DIRECTIONS - Transcribe the listing underneath, keeping each word exact and omitting the images.

EXERCISE DATA -
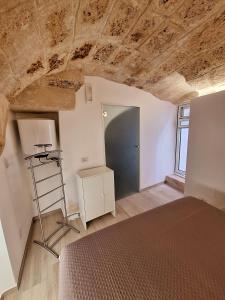 a bedroom with a bed and a wooden ceiling at Vico Farinella 12 Small Room in Polignano a Mare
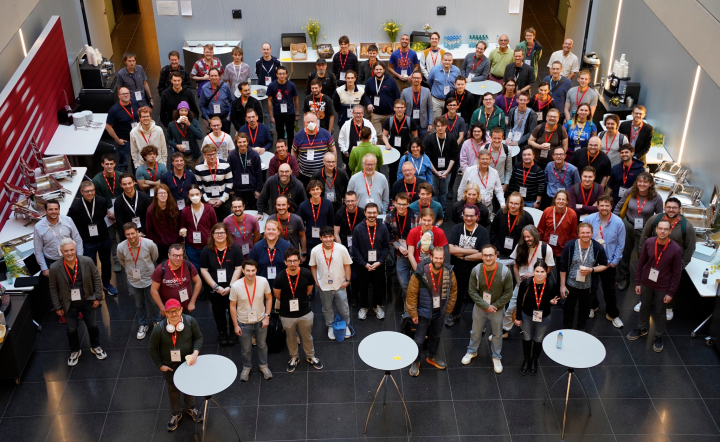 Group photo of Open Transport Community Conference 2026 attendees, standing in the foyer of the SBB headquarters.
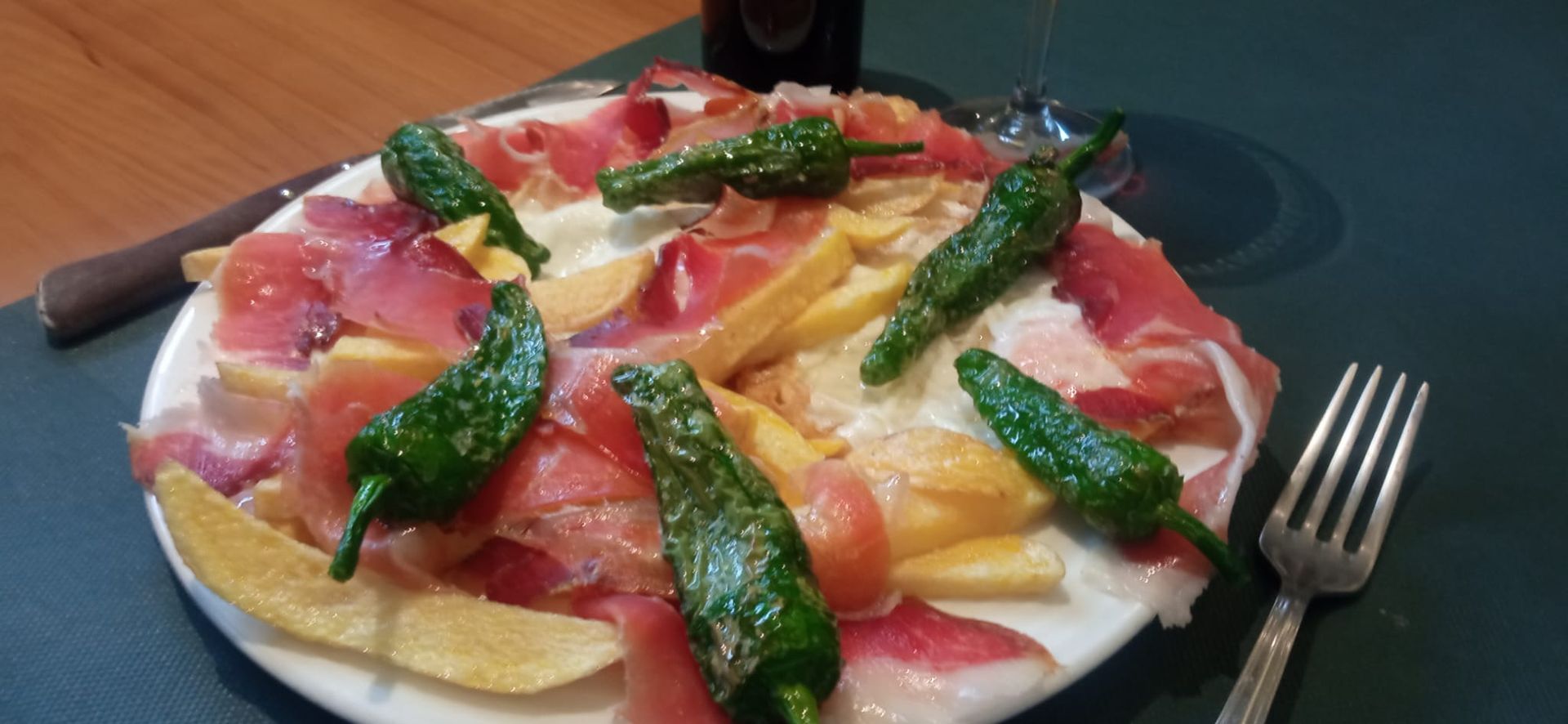 Plato de comida: jamón, pimientos y patatas fritas en un plato blanco, con un tenedor sobre un tapete verde.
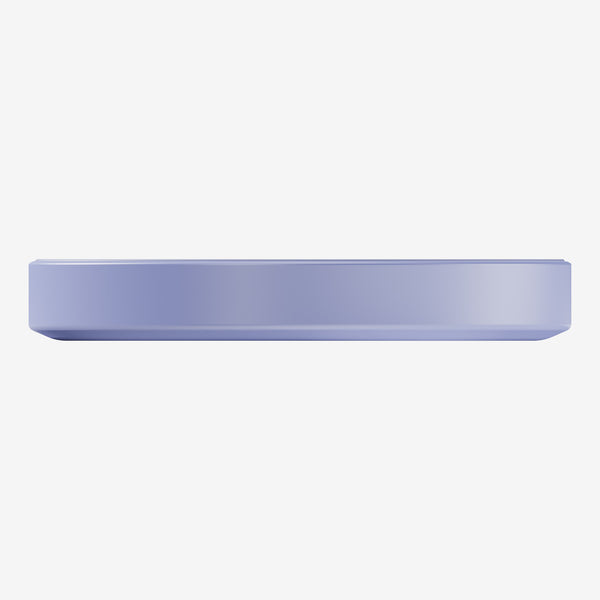 Flat, round wireless charger in a light purple color with a smooth surface.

WORKED SOLUTION -
 a bedroom with a bed and a wooden ceiling at Vico Farinella 12 Small Room in Polignano a Mare
 Group photo of Open Transport Community Conference 2026 attendees, standing in the foyer of the SBB headquarters.
 Plato de comida: jamón, pimientos y patatas fritas en un plato blanco, con un tenedor sobre un tapete verde.
 Flat, round wireless charger in a light purple color with a smooth surface.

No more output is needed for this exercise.